BEGIN
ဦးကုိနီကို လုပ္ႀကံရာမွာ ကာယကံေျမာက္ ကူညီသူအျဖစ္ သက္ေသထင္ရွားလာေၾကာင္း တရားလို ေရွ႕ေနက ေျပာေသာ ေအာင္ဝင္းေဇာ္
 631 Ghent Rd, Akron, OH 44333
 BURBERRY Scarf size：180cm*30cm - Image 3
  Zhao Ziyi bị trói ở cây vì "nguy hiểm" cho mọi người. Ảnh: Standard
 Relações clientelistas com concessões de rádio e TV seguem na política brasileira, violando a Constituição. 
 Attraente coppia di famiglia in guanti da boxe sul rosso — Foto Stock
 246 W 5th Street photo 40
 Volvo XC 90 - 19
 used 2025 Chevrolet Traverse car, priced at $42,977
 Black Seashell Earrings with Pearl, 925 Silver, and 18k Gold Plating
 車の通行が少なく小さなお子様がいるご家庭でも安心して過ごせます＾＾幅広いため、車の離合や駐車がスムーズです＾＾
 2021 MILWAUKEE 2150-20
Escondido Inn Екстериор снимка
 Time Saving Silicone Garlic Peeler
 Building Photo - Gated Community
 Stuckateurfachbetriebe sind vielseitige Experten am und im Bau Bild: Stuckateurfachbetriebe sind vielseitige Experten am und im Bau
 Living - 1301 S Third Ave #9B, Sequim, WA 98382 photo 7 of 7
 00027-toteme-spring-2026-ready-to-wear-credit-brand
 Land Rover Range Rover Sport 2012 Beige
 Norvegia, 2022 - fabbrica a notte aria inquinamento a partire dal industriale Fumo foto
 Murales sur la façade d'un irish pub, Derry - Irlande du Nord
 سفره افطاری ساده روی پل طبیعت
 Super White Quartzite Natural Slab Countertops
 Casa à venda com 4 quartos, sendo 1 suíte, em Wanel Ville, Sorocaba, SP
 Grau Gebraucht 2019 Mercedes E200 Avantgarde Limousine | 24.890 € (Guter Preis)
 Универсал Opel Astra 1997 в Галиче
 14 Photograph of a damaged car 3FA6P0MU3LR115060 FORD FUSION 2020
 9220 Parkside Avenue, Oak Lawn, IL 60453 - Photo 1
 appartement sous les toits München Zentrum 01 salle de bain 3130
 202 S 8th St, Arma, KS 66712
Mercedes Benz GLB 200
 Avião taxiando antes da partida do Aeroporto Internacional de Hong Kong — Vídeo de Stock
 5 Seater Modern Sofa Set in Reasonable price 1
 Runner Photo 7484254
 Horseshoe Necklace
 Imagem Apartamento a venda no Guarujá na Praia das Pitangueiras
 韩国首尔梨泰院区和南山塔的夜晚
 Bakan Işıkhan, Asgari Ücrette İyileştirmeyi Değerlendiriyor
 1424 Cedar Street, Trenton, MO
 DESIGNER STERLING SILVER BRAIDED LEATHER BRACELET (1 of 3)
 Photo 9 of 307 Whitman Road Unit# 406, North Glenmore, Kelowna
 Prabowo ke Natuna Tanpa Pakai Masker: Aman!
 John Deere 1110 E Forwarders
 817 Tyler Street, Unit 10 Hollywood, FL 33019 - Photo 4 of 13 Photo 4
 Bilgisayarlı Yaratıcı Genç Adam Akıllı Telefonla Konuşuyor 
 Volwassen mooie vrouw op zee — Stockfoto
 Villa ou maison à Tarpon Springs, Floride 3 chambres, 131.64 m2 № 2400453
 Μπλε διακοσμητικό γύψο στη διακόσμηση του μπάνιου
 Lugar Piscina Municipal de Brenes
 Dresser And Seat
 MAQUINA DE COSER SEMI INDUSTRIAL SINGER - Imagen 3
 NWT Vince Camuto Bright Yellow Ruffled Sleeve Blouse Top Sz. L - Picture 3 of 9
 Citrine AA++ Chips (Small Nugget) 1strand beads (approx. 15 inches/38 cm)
END
• **EXERCISE GOAL**: Copying word for word, give each line of the data above from the first one through the line containing "DESIGNER STERLING SILVER", and nothing else.

• **OUTPUT BELOW**:
ဦးကုိနီကို လုပ္ႀကံရာမွာ ကာယကံေျမာက္ ကူညီသူအျဖစ္ သက္ေသထင္ရွားလာေၾကာင္း တရားလို ေရွ႕ေနက ေျပာေသာ ေအာင္ဝင္းေဇာ္
 631 Ghent Rd, Akron, OH 44333
 BURBERRY Scarf size：180cm*30cm - Image 3
  Zhao Ziyi bị trói ở cây vì "nguy hiểm" cho mọi người. Ảnh: Standard
 Relações clientelistas com concessões de rádio e TV seguem na política brasileira, violando a Constituição. 
 Attraente coppia di famiglia in guanti da boxe sul rosso — Foto Stock
 246 W 5th Street photo 40
 Volvo XC 90 - 19
 used 2025 Chevrolet Traverse car, priced at $42,977
 Black Seashell Earrings with Pearl, 925 Silver, and 18k Gold Plating
 車の通行が少なく小さなお子様がいるご家庭でも安心して過ごせます＾＾幅広いため、車の離合や駐車がスムーズです＾＾
 2021 MILWAUKEE 2150-20
Escondido Inn Екстериор снимка
 Time Saving Silicone Garlic Peeler
 Building Photo - Gated Community
 Stuckateurfachbetriebe sind vielseitige Experten am und im Bau Bild: Stuckateurfachbetriebe sind vielseitige Experten am und im Bau
 Living - 1301 S Third Ave #9B, Sequim, WA 98382 photo 7 of 7
 00027-toteme-spring-2026-ready-to-wear-credit-brand
 Land Rover Range Rover Sport 2012 Beige
 Norvegia, 2022 - fabbrica a notte aria inquinamento a partire dal industriale Fumo foto
 Murales sur la façade d'un irish pub, Derry - Irlande du Nord
 سفره افطاری ساده روی پل طبیعت
 Super White Quartzite Natural Slab Countertops
 Casa à venda com 4 quartos, sendo 1 suíte, em Wanel Ville, Sorocaba, SP
 Grau Gebraucht 2019 Mercedes E200 Avantgarde Limousine | 24.890 € (Guter Preis)
 Универсал Opel Astra 1997 в Галиче
 14 Photograph of a damaged car 3FA6P0MU3LR115060 FORD FUSION 2020
 9220 Parkside Avenue, Oak Lawn, IL 60453 - Photo 1
 appartement sous les toits München Zentrum 01 salle de bain 3130
 202 S 8th St, Arma, KS 66712
Mercedes Benz GLB 200
 Avião taxiando antes da partida do Aeroporto Internacional de Hong Kong — Vídeo de Stock
 5 Seater Modern Sofa Set in Reasonable price 1
 Runner Photo 7484254
 Horseshoe Necklace
 Imagem Apartamento a venda no Guarujá na Praia das Pitangueiras
 韩国首尔梨泰院区和南山塔的夜晚
 Bakan Işıkhan, Asgari Ücrette İyileştirmeyi Değerlendiriyor
 1424 Cedar Street, Trenton, MO
 DESIGNER STERLING SILVER BRAIDED LEATHER BRACELET (1 of 3)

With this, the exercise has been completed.